In previous versions items had a number of predefined features. This is no longer the case and all features are optional. Particularly the start and end features are no longer fixed, though those names are still used in the relations where yjeu are appropriate. Specific functions are provided for the name feature but they are just short hand for normal feature access. Simple features directly access the features in the underlying EST_Feature class in an item.

In addition to simple features there is a mechanism for relating functions to names, thus accessing a feature may actually call a function. For example the features num_syls is defined as a feature function which will count the number of syllables in the given word, rather than simple access a pre-existing feature. Feature functions are usually dependent on the particular realtion the item is in, e.g. some feature functions are only appropriate for items in the Word relation, or only appropriate for those in the IntEvent relation.
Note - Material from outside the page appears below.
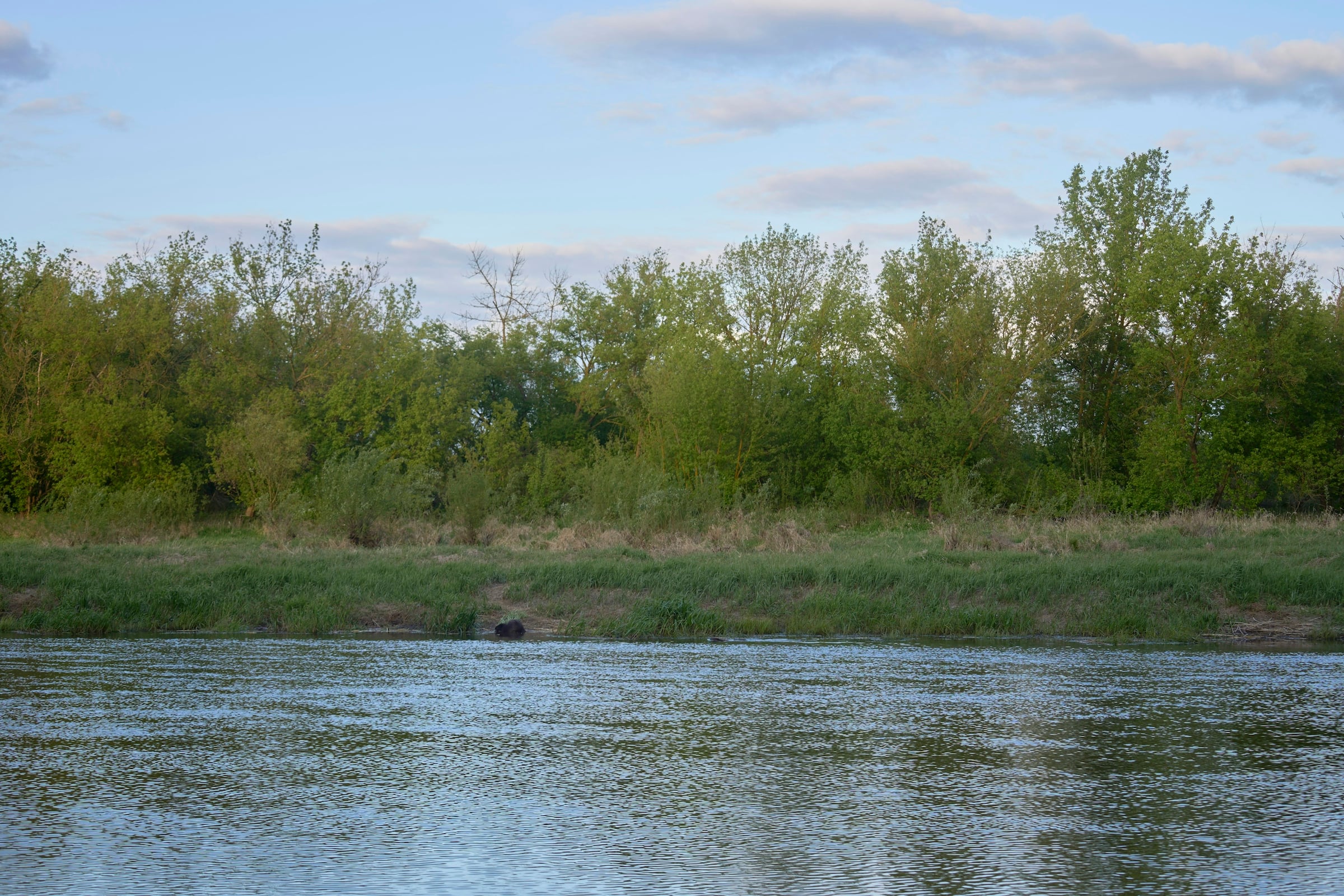 A wide river with a wooded bank of green trees under a pale blue sky.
The third aspect of feature names is a path component. These are parts of the name (preceding in .) that indicated some trversal of the utterance structure. For example the features name will access the name feature on the given item. The feature n.name will return the name feature on the next item (in that item's relation). A number of basic direction operators are defined.

n.
next
p.
previous
nn.
next next
pp.
previous
parent.
daughter1.
first daughter
daughter2.
second daughter
daughtern.
last daughter
first.
most previous item
last.
most next item
Also you may specific traversal to another relation relation, though the R:<relationame>. operator. For example given an Item in the syllable relation R:SylStructure.parent.name would give the name of word the syllable is in.

Some more complex examples are as follows, assuming we are starting form an item in the Syllable relation.

stress
This item's lexical stress
n.stress
The next syllable's lexical stress
p.stress
The previous syllable's lexical stress
R:SylStructure.parent.name
The word this syllable is in
R:SylStructure.parent.R:Word.n.name
The word next to the word this syllable is in
n.R:SylStructure.parent.name
The word the next syllable is in
R:SylStructure.daughtern.ph_vc
The phonetic feature vc of the final segment in this syllable.
A list of all feature functions is given in an appendix of this document. See Feature functions. New functions may also be added in Lisp.
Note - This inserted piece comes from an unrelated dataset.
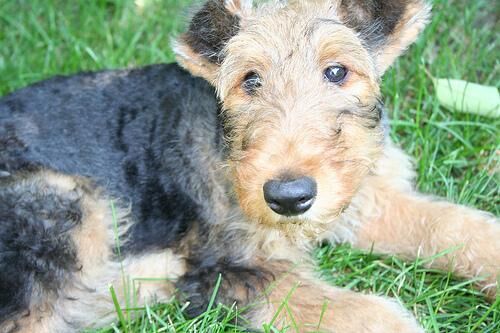 Airedale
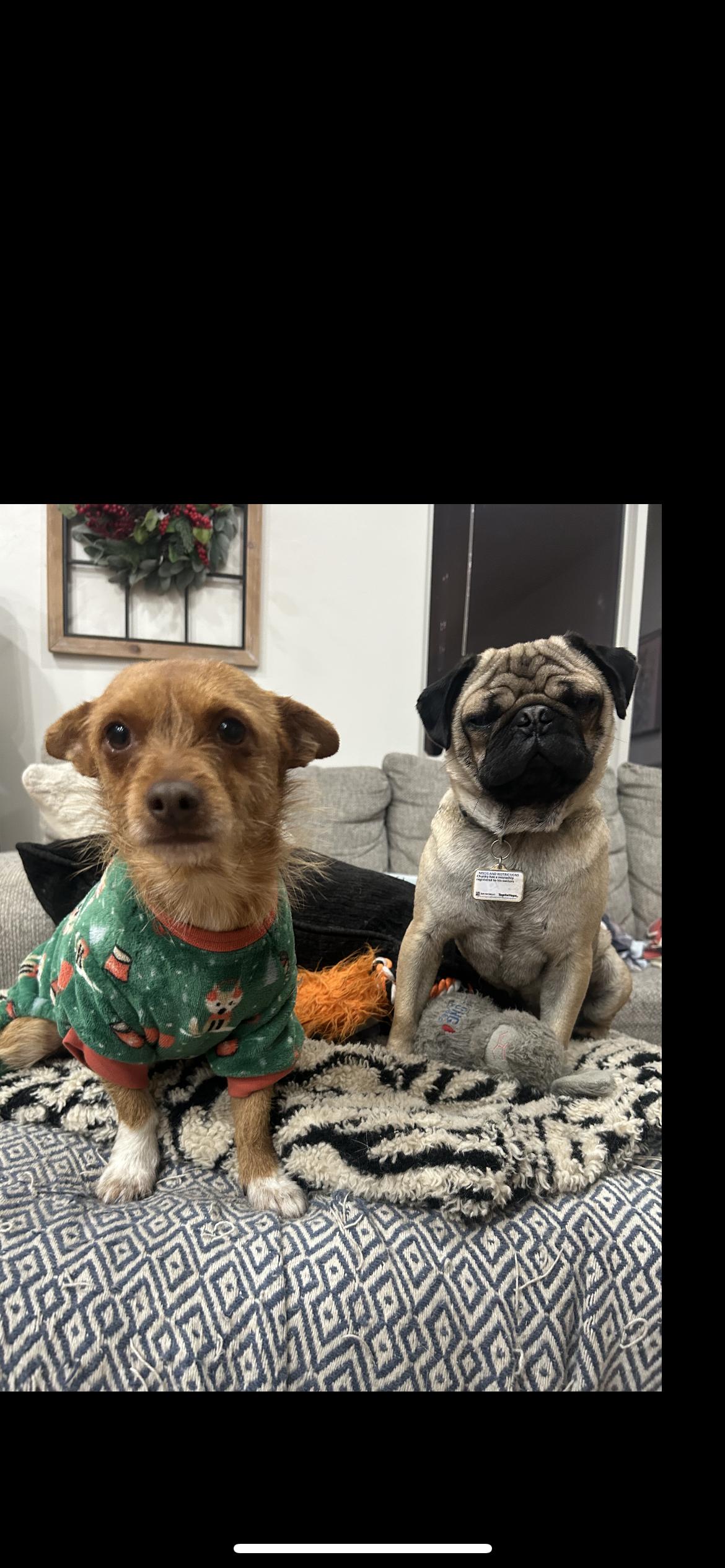 Enlarge Danny, a ADOPTABLE mixed breed in Hamden, CT image 2/5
In C++ feature values are of class EST_Val which may be a string, int, or a float (or any arbitrary object). In Scheme this distinction cannot not always be made and sometimes when you expect an int you actually get a string. Care should be take to ensure the right matching functions are use in Scheme. It is recommended you use string-append or string-match as they will always work.

If a pathname does not identify a valid path for the particular item (e.g. there is no next) "0" is returned.
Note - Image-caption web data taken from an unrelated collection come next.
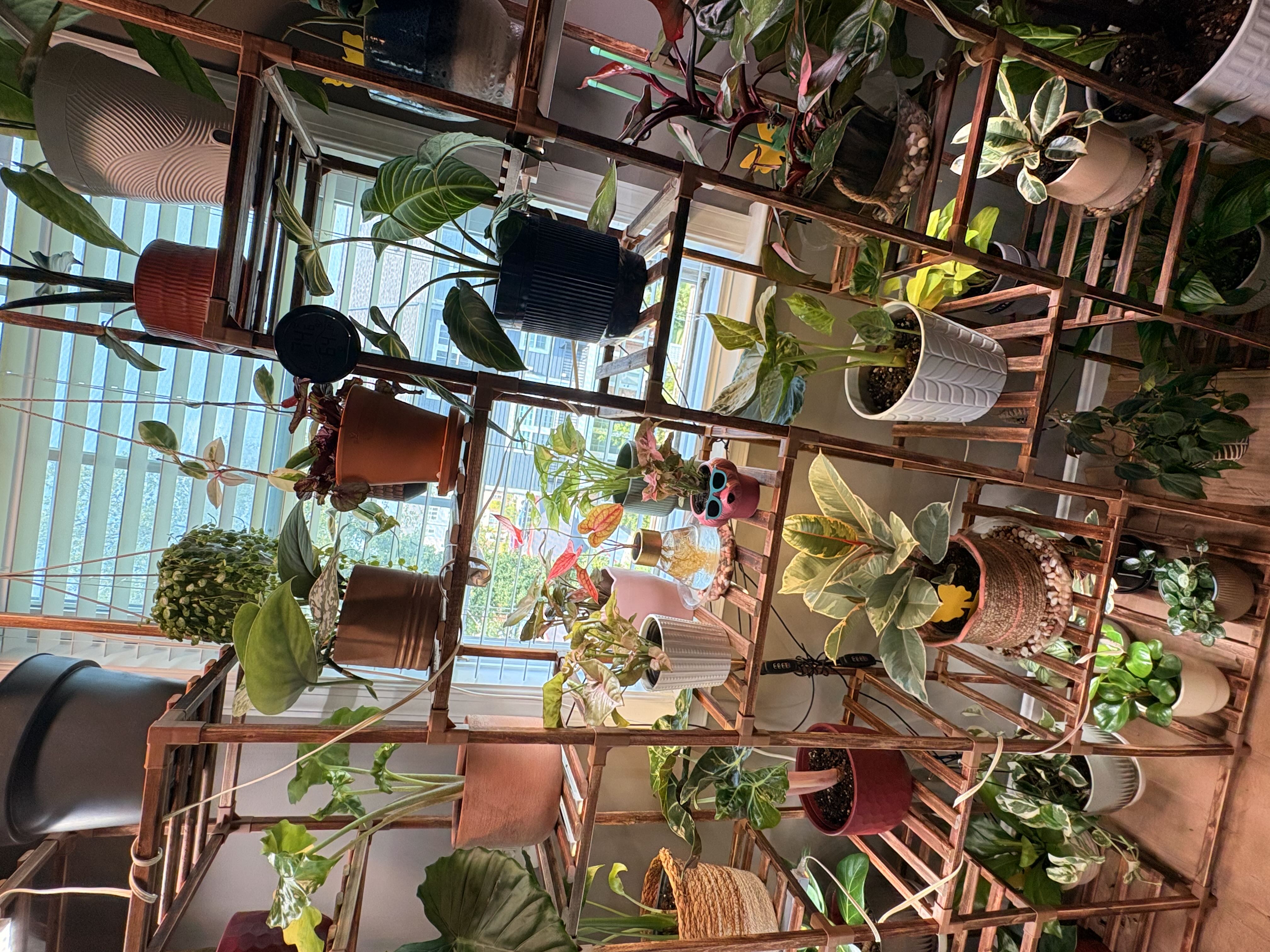 Photo from the post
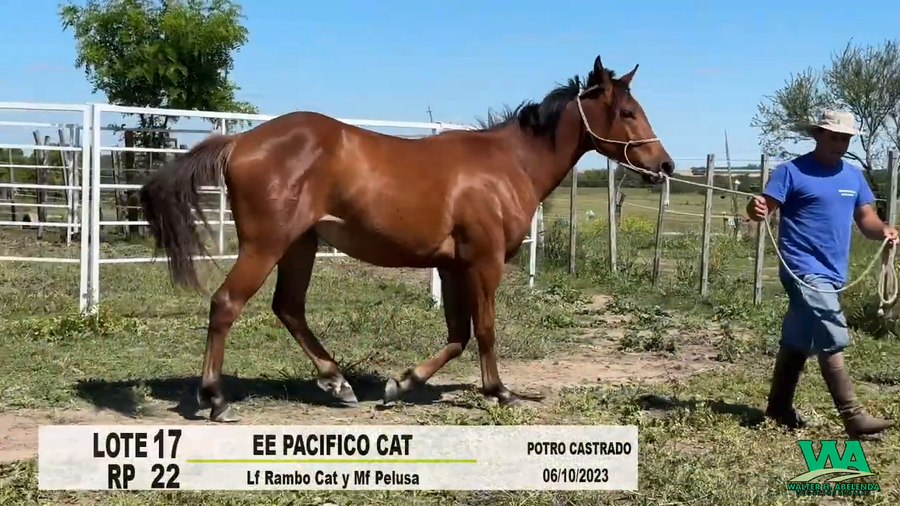 Lote EE PACIFICO CAT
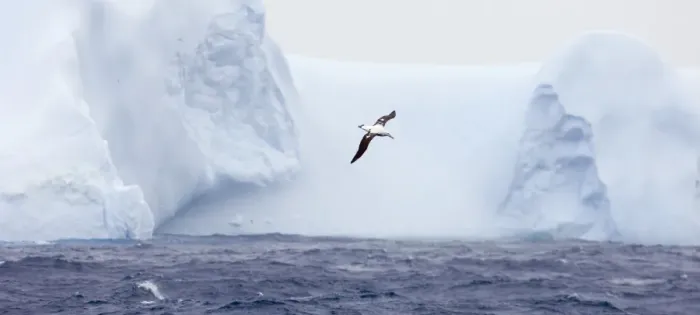 Framed Print : Wandering Albatross Diomedea exulans flying against iceberg in Southern Ocean off Framed Print : Wandering Albatross Diomedea exulans flying against iceberg in Southern Ocean off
When collecting data from speech databases it is often useful to collect a whole set of features from all utterances in a database. These features can then be used for building various models (both CART tree models and linear regression modules use these feature names),

A number of functions exist to help in this task. For example

     (utt.features utt1 'Word '(name pos p.pos n.pos))

will return a list of word, and part of speech context for each word in the utterance.

See Extracting features, for an example of extracting sets of features from a database for use in building stochastic models.